# Records from a data source
*** Block opens ***

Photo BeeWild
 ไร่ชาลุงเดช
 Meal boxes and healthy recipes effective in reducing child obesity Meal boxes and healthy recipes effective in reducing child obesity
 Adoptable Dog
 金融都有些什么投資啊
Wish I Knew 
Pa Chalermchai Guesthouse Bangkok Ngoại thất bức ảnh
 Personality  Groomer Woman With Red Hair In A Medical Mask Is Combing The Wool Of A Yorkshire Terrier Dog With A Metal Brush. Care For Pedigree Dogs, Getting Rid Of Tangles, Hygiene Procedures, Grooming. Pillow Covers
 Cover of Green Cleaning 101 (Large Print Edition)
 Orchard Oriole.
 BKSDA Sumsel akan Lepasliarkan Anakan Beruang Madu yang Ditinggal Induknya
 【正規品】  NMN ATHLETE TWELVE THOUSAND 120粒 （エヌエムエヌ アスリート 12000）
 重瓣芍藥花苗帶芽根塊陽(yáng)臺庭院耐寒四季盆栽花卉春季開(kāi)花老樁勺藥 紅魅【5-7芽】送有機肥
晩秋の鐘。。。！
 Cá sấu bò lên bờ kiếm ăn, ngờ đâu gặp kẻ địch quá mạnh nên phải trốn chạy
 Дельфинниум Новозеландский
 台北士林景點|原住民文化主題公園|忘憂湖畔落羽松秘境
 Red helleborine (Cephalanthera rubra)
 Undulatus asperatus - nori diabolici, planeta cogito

*** Block closes ***

# DIRECTIONS
Would you reproduce all the entries exactly?

# WRITTEN SOLUTION
Photo BeeWild
 ไร่ชาลุงเดช
 Meal boxes and healthy recipes effective in reducing child obesity Meal boxes and healthy recipes effective in reducing child obesity
 Adoptable Dog
 金融都有些什么投資啊
Wish I Knew 
Pa Chalermchai Guesthouse Bangkok Ngoại thất bức ảnh
 Personality  Groomer Woman With Red Hair In A Medical Mask Is Combing The Wool Of A Yorkshire Terrier Dog With A Metal Brush. Care For Pedigree Dogs, Getting Rid Of Tangles, Hygiene Procedures, Grooming. Pillow Covers
 Cover of Green Cleaning 101 (Large Print Edition)
 Orchard Oriole.
 BKSDA Sumsel akan Lepasliarkan Anakan Beruang Madu yang Ditinggal Induknya
 【正規品】  NMN ATHLETE TWELVE THOUSAND 120粒 （エヌエムエヌ アスリート 12000）
 重瓣芍藥花苗帶芽根塊陽(yáng)臺庭院耐寒四季盆栽花卉春季開(kāi)花老樁勺藥 紅魅【5-7芽】送有機肥
晩秋の鐘。。。！
 Cá sấu bò lên bờ kiếm ăn, ngờ đâu gặp kẻ địch quá mạnh nên phải trốn chạy
 Дельфинниум Новозеландский
 台北士林景點|原住民文化主題公園|忘憂湖畔落羽松秘境
 Red helleborine (Cephalanthera rubra)
 Undulatus asperatus - nori diabolici, planeta cogito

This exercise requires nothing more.